Referring first to FIG. 1, there is shown a simplified block diagram of a first embodiment of the system of the invention, generally at reference numeral 100. A text-to-speech (TTS) converter 102 is supplied with a textual input 104 and, under the control of control information 106 provides a stylized audio (i.e., speech) output 108. TTS conversion systems have been available for some time, some provided on stand-alone microchips, not shown. Such microchips have typically provided a small number of program-selectable output voices, for example, a male or female voice. Text supplied to such TTS conversion devices results in a spoken vocal audio output whose quality varies from comical to acceptable to declarative depending primarily upon the age and cost of the TTS converter.
Another way the TTS conversion is accomplished is using software running in a general-purpose microprocessor or computer. The sophistication again depends primarily upon the sophistication of the TTS algorithm(s) and the amount of processing resource available to execute it. If, for example, the inventive system 100 is intended to be used with a commercial telephone system incorporating voice mail and other telephonic services for a great number of subscribers, speech processor 102 will probably be implemented as one or more mainframe computer systems, not shown.
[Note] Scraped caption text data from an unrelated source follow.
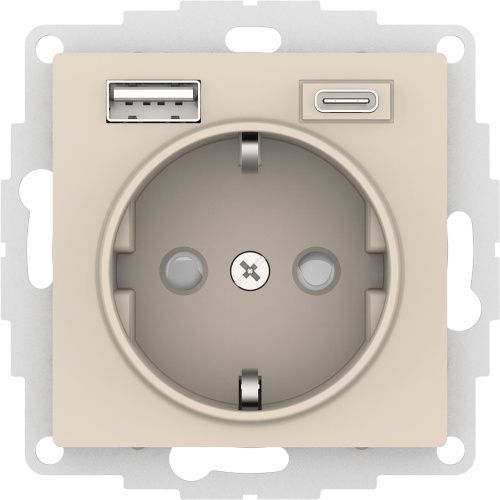 Розетка 16А с USB A+C Systeme Electric AtlasDesign (АтласДесигн) ATN000232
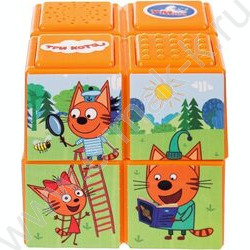 Игра Кубик-рубика "Три кота" звук 10 песен NEW | Фото 1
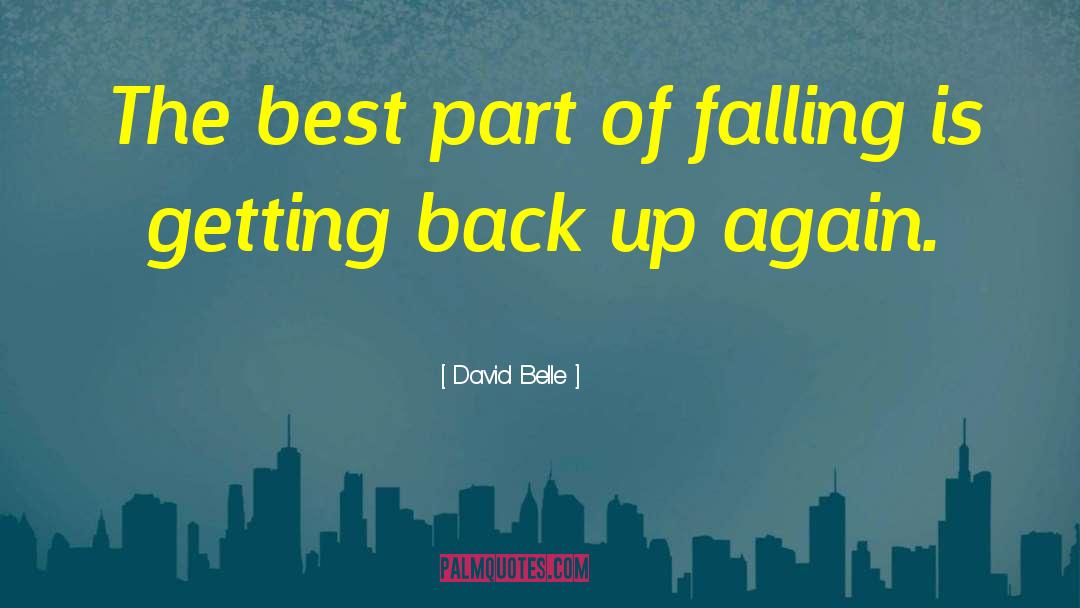 David Belle Quotes: The best part of falling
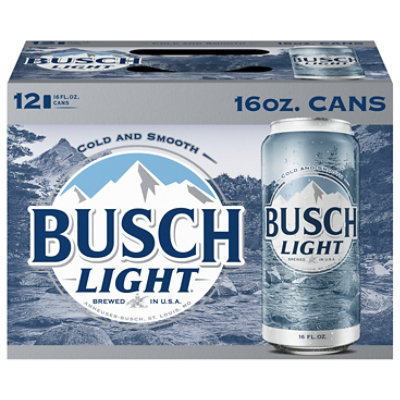 Busch Light Cans - 12-16 FZ - Image 1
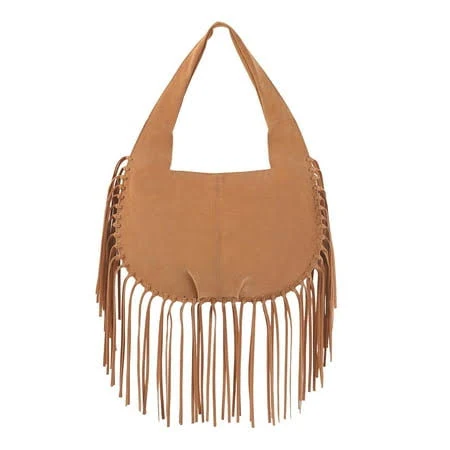 bag Hde Women's Faux Suede Leather Bag with Fringe Walmart - HDE $24.99
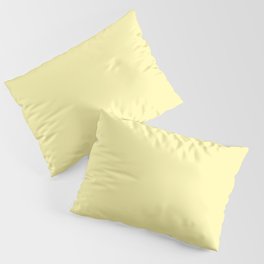 yellow solid Pillow Sham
Sophisticated TTS algorithms, whether embodied in stand-alone microchips or executed on general-purpose microprocessors, typically allow great control of the overall “sound” of the vocal output. Tone, pitch, timbre, cadence, emphasis, and emotion are some of the characteristics used to describe the quality of an artificially generated vocal output. These and other vocal characteristics may be controlled by providing a set of control information 106 to the TTS converter 102. By customizing the control information 106, the vocal output of TTS 102 may be customized to produce the desired voice, be it a celebrity, cartoon, or machine-like voice. Das et al., discussed hereinabove, provide one such method of controlling voice synthesis based on pitch prototype waveforms using a time-synchronous waveform interpolation method. The motivation for the Das et al. system is to provide authentic reproductions of speech compressed for the purpose of minimizing transmission bandwidth in a communications system.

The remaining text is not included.